Pillet, reformer of foreign language teaching methods, dies at age 82
Roger Pillet, an innovative educator and scholar of the French language, died Monday, May 29, at his home in Chicago. He was 82.
Pillet, Professor Emeritus in Education and Romance Languages & Literatures, was a dedicated reformer of foreign language teaching methods. Directed by his belief that young students could benefit by learning to speak a foreign language and that they would enjoy doing so, Pillet dedicated much of his career to the development of methods that would facilitate language instruction for children.
A scholar as well as an educator, his many publications include textbooks, journal articles and classroom materials for teaching French to elementary schoolchildren.

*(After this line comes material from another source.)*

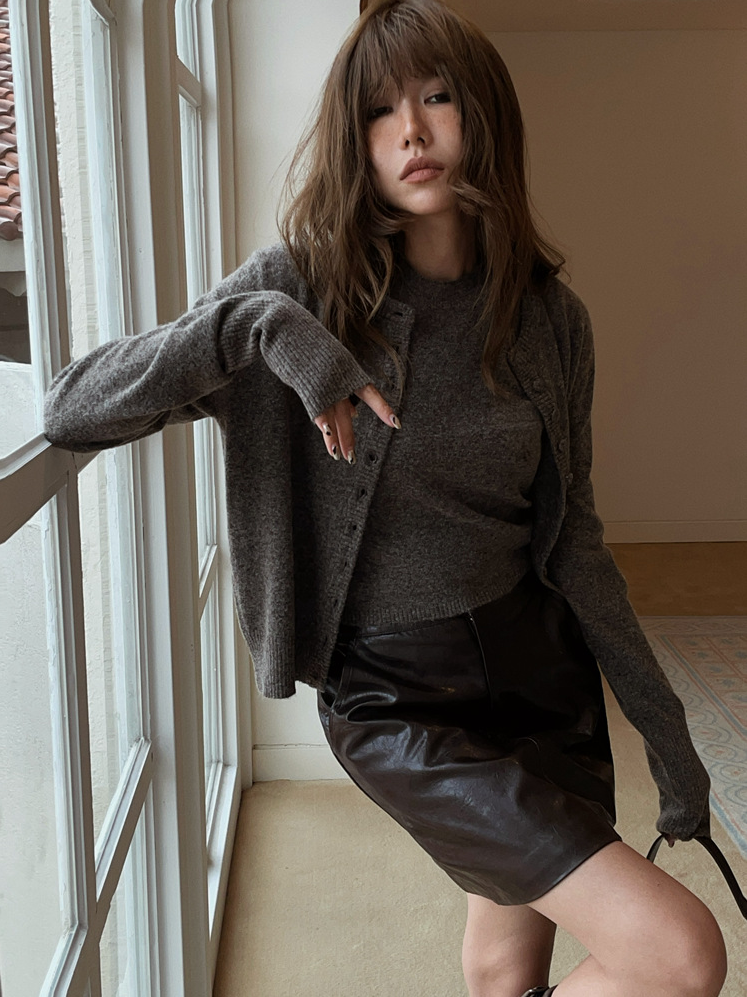 ボタンカーディガン×ノースリーブニット セットトップス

EN CLASSE, a series of 20 filmstrips and records Pillet developed in 1961 as an introduction to French for first-graders, remains one of his best-remembered contributions to the new curriculum he helped establish. The filmstrips, which feature dolls in situations familiar to young children, emphasize speaking and student participation through songs and captivating illustrations. Schoolchildren around the country still read his 1965 French classic, Andre Fran¨ois Villeneuve, a storybook that features a puppy dog prince who meets a demoiselle, a French poodle named Michelle.
In 1971, Pillet was named a Chevalier in the Order of the Palmes Academiques by the French government to honor his promotion of French culture.
Pillet was a teacher of teachers. He made a serious contribution to the discipline of foreign language instruction, recalled Peter Dembowski, Distinguished Service Professor Emeritus of French in Romance Languages & Literatures.
We all remember him with the greatest admiration and affection, said Philip Jackson, the David Lee Shillinglaw Distinguished Service Professor Emeritus in Education and Psychology. Jackson, a former Chairman of Education, said Pillet was a superb teacher who was much beloved by his students.
Born in Lyons, France, Pillet received his B.A. in 1939 and his M.A. in 1940 from the University of Missouri. After receiving his Ph.D. from Northwestern University in 1955, he began a position as an Instructor in the College and at the Laboratory Schools at Chicago. He continued his work at the University until 1983, when he accepted emeritus status.
Pillet, a gifted tenor, was a soloist with the Rockefeller Chapel Choir and performed in many area churches and music venues.
His wife, Etiennette Pillet; his children, David Pillet, Diana Lear, Danica Polite, Stephen Hurley and Lionelle Elsesser; and his sisters, Yvette Keeling and Suzanne Lee, survive him. He was the grandfather of nine and the great-grandfather of three.
Services will be private. In lieu of flowers, memorials may be made to Rockhurst High School in Kansas City, Mo., or to the University of Missouri, Columbia.